((

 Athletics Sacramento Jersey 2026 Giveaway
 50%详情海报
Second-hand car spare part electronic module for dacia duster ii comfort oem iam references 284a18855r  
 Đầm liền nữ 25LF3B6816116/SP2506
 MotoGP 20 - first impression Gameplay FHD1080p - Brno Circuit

))
((

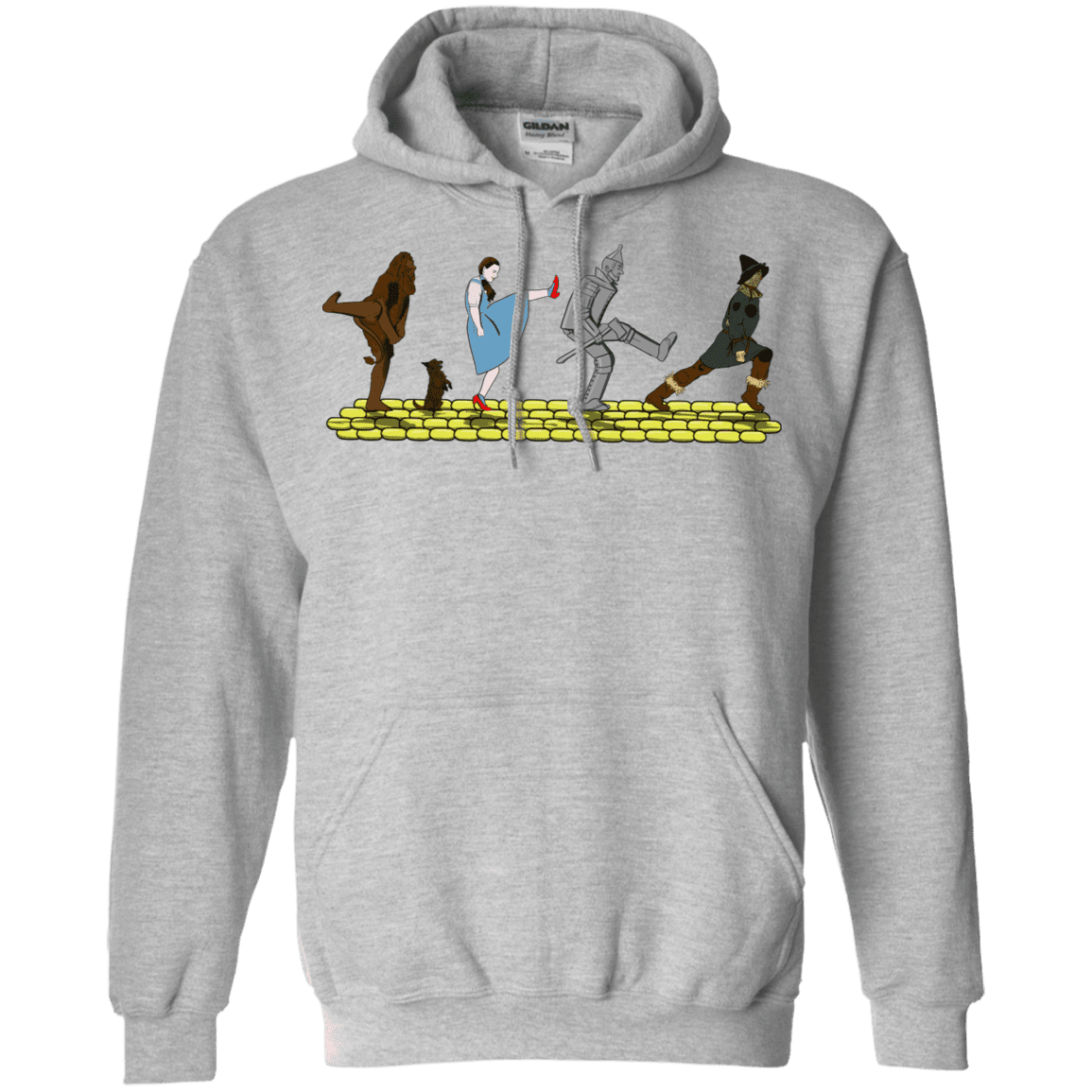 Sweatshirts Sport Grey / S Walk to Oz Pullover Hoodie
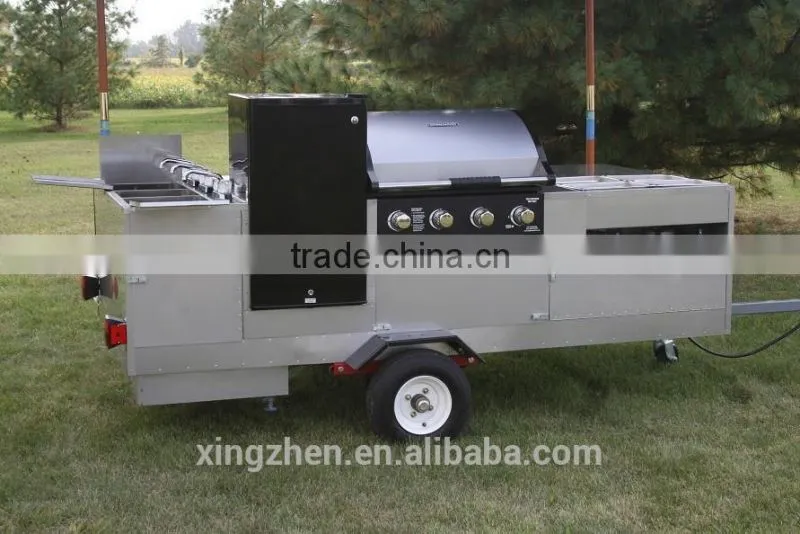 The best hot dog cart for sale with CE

))

**TASK DIRECTIONS:** Please give an exact copy of the entries above, from the line with "Second-hand car spare" down to the line with "MotoGP 20 - first", inclusive, and nothing else.

**EXERCISE ANSWER:**
Second-hand car spare part electronic module for dacia duster ii comfort oem iam references 284a18855r  
 Đầm liền nữ 25LF3B6816116/SP2506
 MotoGP 20 - first impression Gameplay FHD1080p - Brno Circuit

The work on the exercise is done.